■ **WORK ORDER**:
Transcribe exactly, please, the lines from the one containing "Lands' End Jeans" through the end of the records below, and leave out the pictures.

** Opening AVAILABLE DATA block **

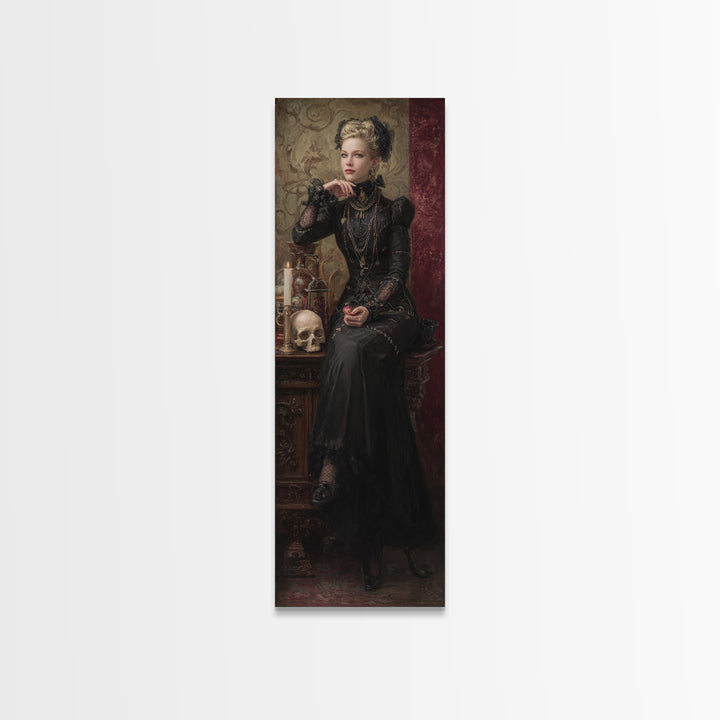 The Stitched Giant, Victorian Horror Portrait, Tall Narrow Wall Art, Canvas Print, Gothic Wall Decor, Halloween Portrait Art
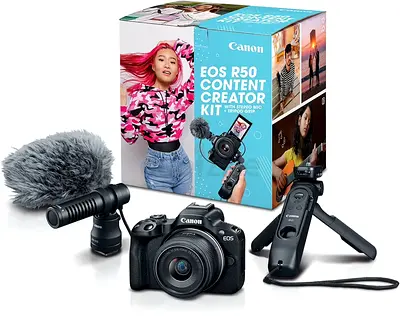 Canon EOS R50 Content Creator Kit with Stereo Mic and Tripod (Like New)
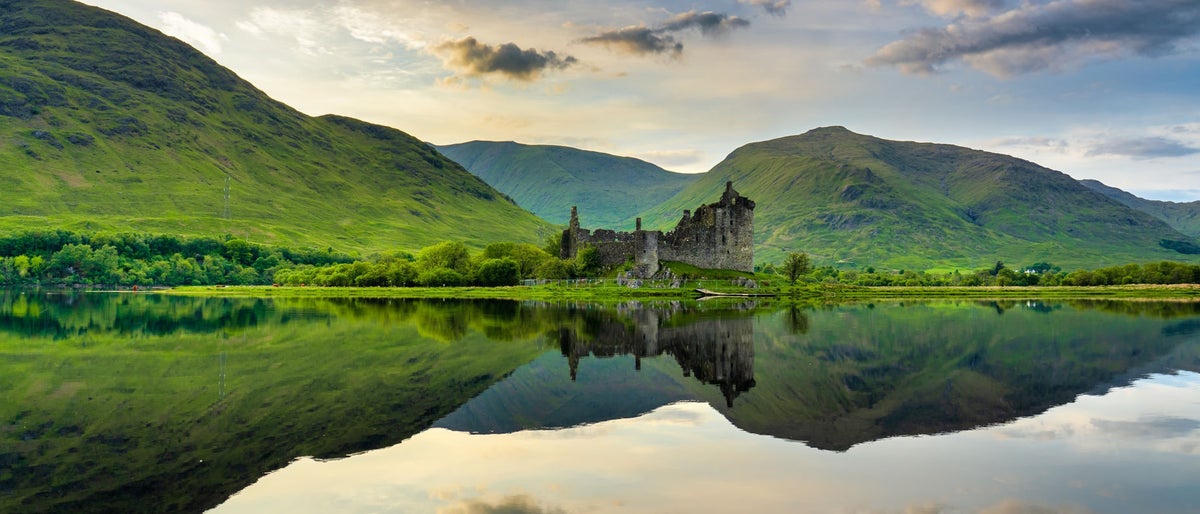 The ruins of Kilchurn castle on Loch Awe in Scotland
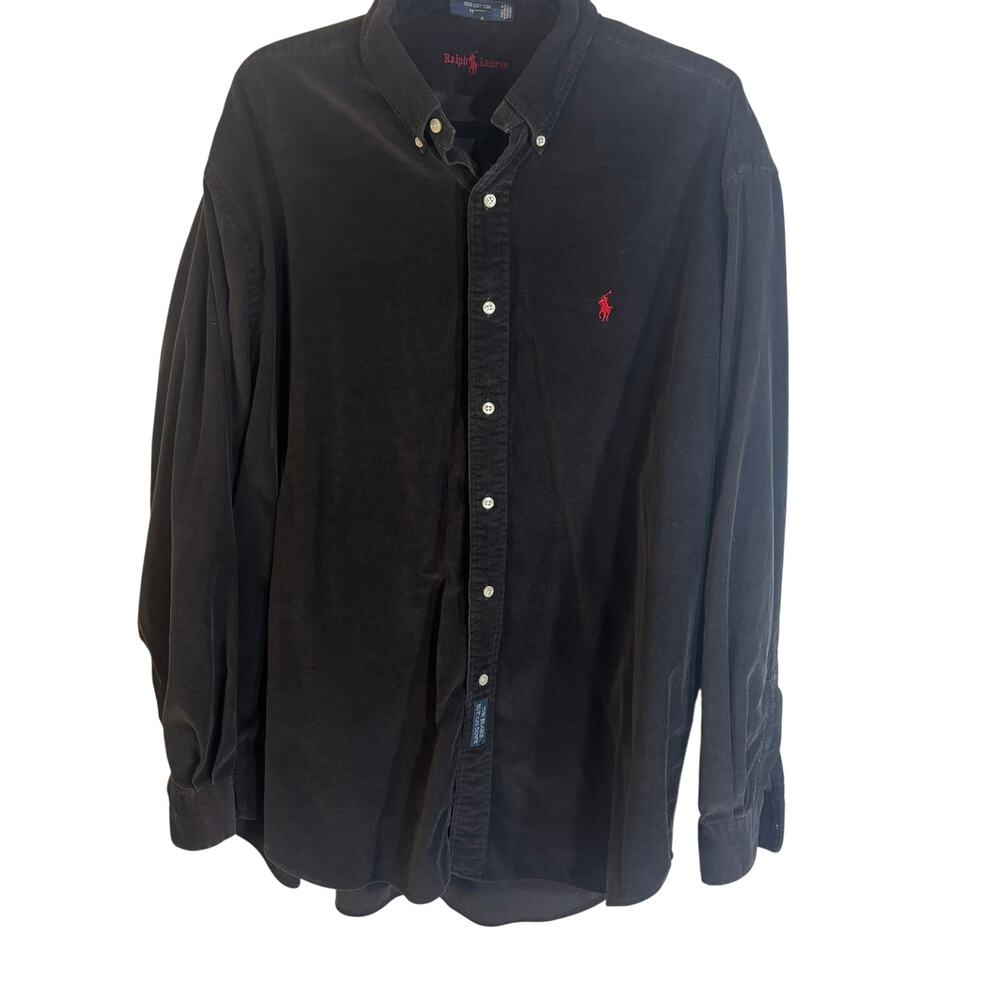 Vintage Ralph Lauren The Blaire Shirt Mens XL Black Corduroy Button Down Pony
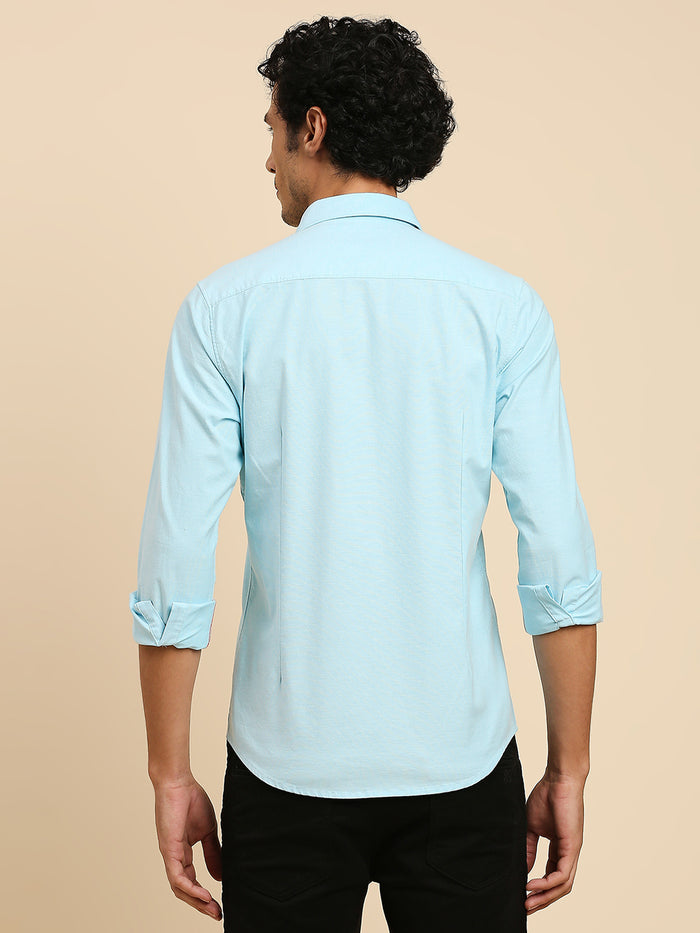 Full Sleeves Slim Fit Sea Blue Solid Oxford Shirt
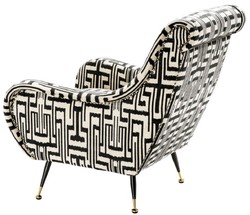 Casa Padrino luxury armchair black / white / brass 80 x 90 x H. 88 cm - Living Room Armchair - Living Room Furniture
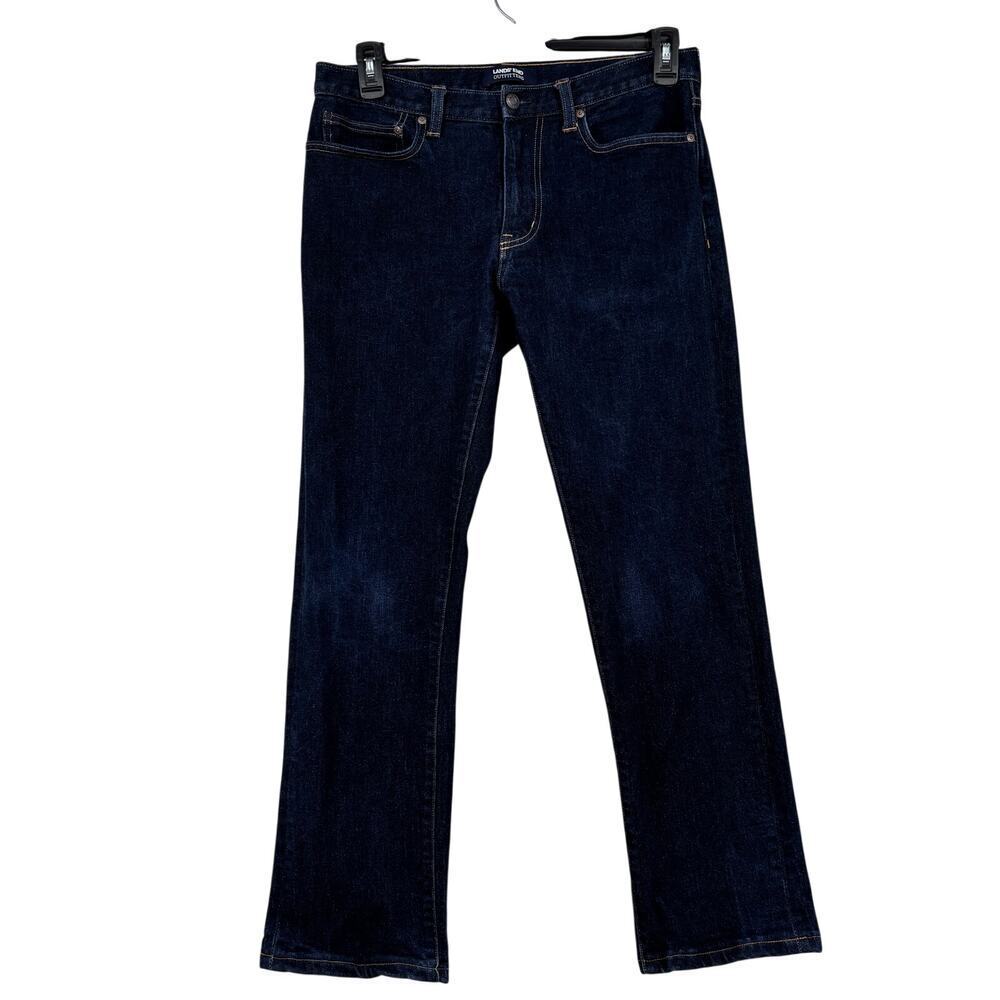 Lands' End Jeans Womens Size 33 Straight Fit Dark Wash Blue Stretch Denim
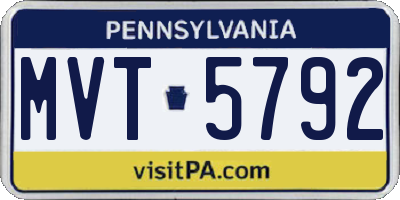 PA license plate MVT5792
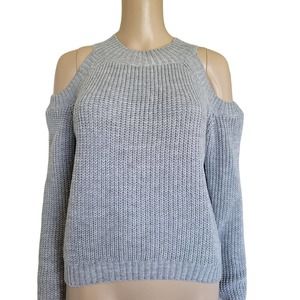 SHEIN Cold Shoulder Ribbed Cable Knit Sweater Crew Neck Gray Size 8-10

** Closing AVAILABLE DATA block **

■ **SOLUTION TO THIS TASK**:
 Lands' End Jeans Womens Size 33 Straight Fit Dark Wash Blue Stretch Denim
 PA license plate MVT5792
 SHEIN Cold Shoulder Ribbed Cable Knit Sweater Crew Neck Gray Size 8-10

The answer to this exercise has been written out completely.